Santorini Topography – From Shuttle to Sim
This past week I had a rare opportunity to explore using the virtual world of Second Life (SL) as an immersive means of visualizing and exploring real life topography. Generally, a SL sim already has set terrain and arbitrarily replacing that would break everything developed on it. When a friend is obtaining a new sim (Numantia Maris) and wants something with islands and a lot of water, however, it’s a fresh canvas on which to paint data and create an immersive experience of the topography.
The topography data were part of the dataset produced by the Shuttle Radar Topography Mission (SRTM). The location used was the Greek islands of Santorini. Santorini is interesting both historically and geologically in being the site of a massive volcanic eruption about 1600 BCE.The eruption is thought to have sent tsunami waves up to 75 ft high into the coast of Crete (68 miles distant), contributing to the end of the Minoan civilization. This explosion also may have been the source of the Atlantis legend. Because it was buried by the eruption, the excavation site of Akrotiri was exceptionally well-preserved and has yielded insights into both artwork and architecture.
The finished global data product is at three arc-second resolution (roughly 90 m) delivered in one-degree tiles. The area of interest is selectable using the Earth Explorer. Selecting an area, choosing the SRTM elevation data set, and requesting data makes one or more tile files available. In the case of Santorini, only the N36E25 tile was needed. This included Santorini and all or parts of several other islands as shown in this reduced resolution picture of the tile.

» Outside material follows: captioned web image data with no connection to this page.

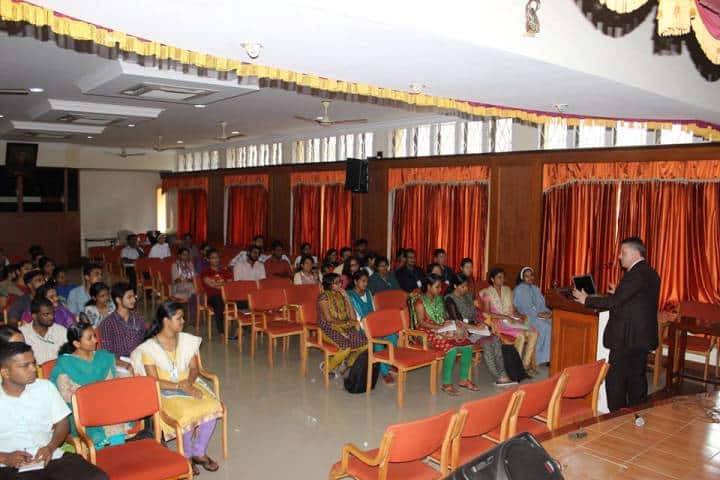 Rajagiri College of Social Sciences campus in Ernakulam, Kerala, India — photo 2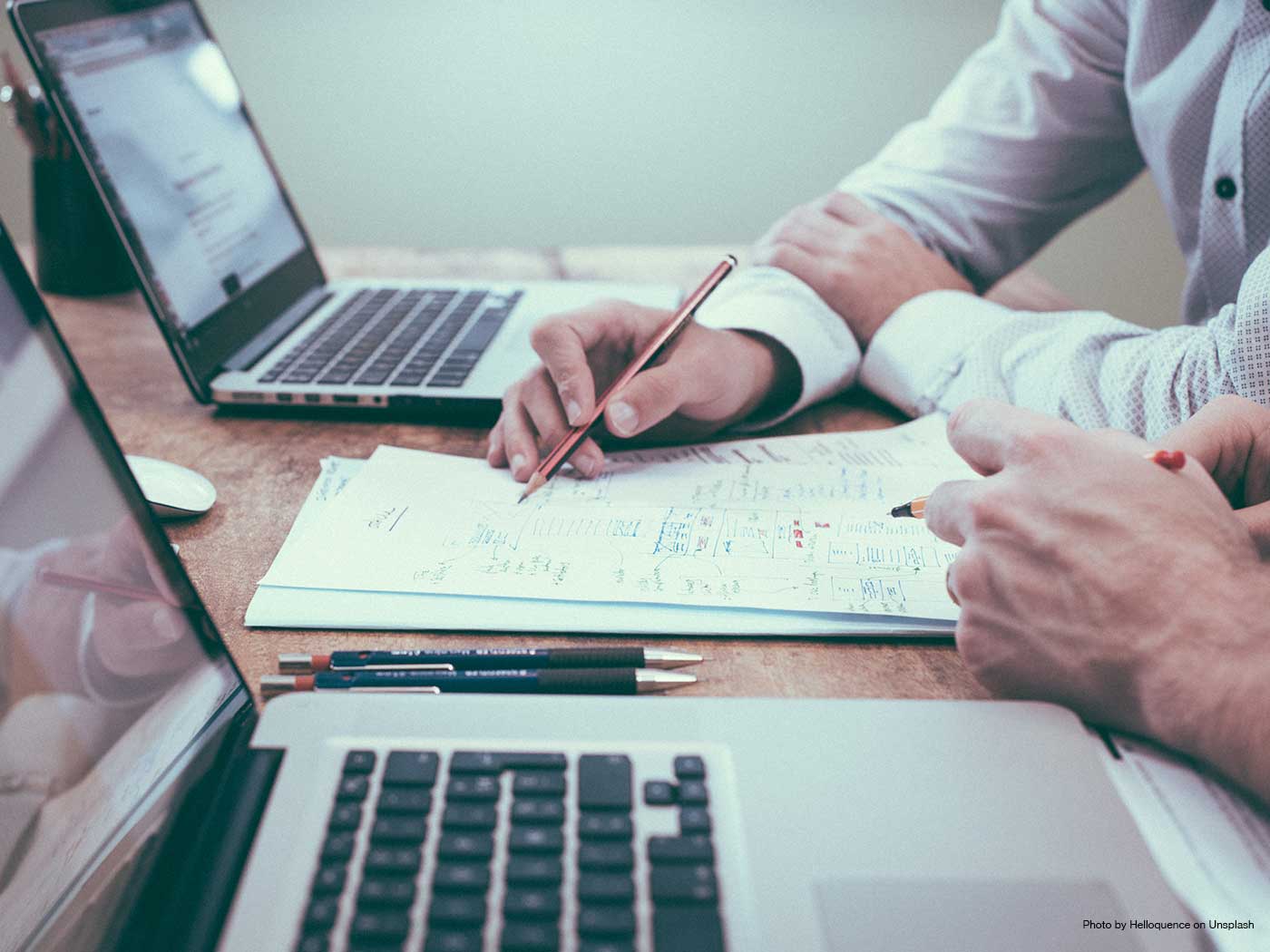 Marketingberatung Dortmund - Das Marketingkonzept erstellen
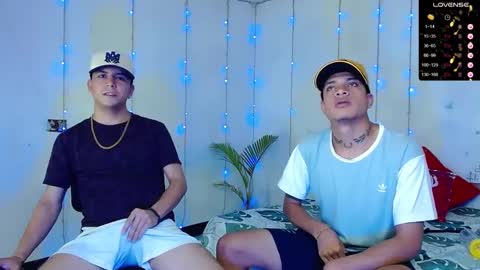 DOMINIC AND ANDREW online show from 12/28/24, 04:41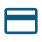 Credit card icon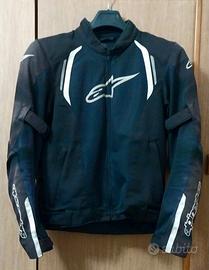 Alpinestars giacca moto estiva taglia S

I used Python 2.6 to read in the BIL (Band Interleaved by Line) file and the corresponding Python Imaging Library (PIL) to display it. Once read as binary data, the 1,442,401 16-bit integers of the data tile could be unpacked into a numpy integer array and then reshaped into a 1201 by 1201 array. It was then trivial to sub-select the portion of the array containing Santorini. I then filled-in the small number of missing data points by diffusing in data from the sides of the missing area.
Under it’s “Miscellaneous Functions” category, SciPy contains several PIL interface routines that allow resizing and rotating images stored as arrays. These made it trivial to resample and rotate the selected data portion to a 256 by 256 array with the desired orientation. By happenstance, it turned out that the desired region for Santorini contained 256 x 256 measurements and didn’t have to be resampled.
The 256 by 256 image size was chosen because a SL sim is 256 by 256 meters. Given that measurements are about 90 m apart, mapping the measurements onto a sim one-for-one creates about a 1:90 scale model horizontally. Vertically, I took the log of the elevations and then scaled the result to 50 m. This compresses the vertical scale in a manner appropriate for SL terrain. Since the SRTM data did not provide ocean bottom values, I created a set of fractal noise varying about an initial value of 7.5 m. Note that SL uses 20 m as its nominal sea-level height. The noise was produced by successive doubling from an initial grid of one square, where the scale of vertical noise was reduced by 2-1/2 at each iteration. The noise was then added in where the topography height was zero. Finally, the data were written out as a SL raw file.
One uploads the raw file onto the waiting sim. Nothing happens for a minute or two. Then, suddenly the land takes form with the shape of Santorini. A bit of playing with the four terrain textures height interpolated by the SL sim software, and there is reddish volcanic rock rising from the sea before us. It’s very definitely a scale model, but one large enough to sail a boat into the caldera.
My appreciation to Stonehedg Magic, owner of Numantia Maris, and to Desmond Shang, governor of the Victorian, steampunk realm of Caledon, for making this effort possible.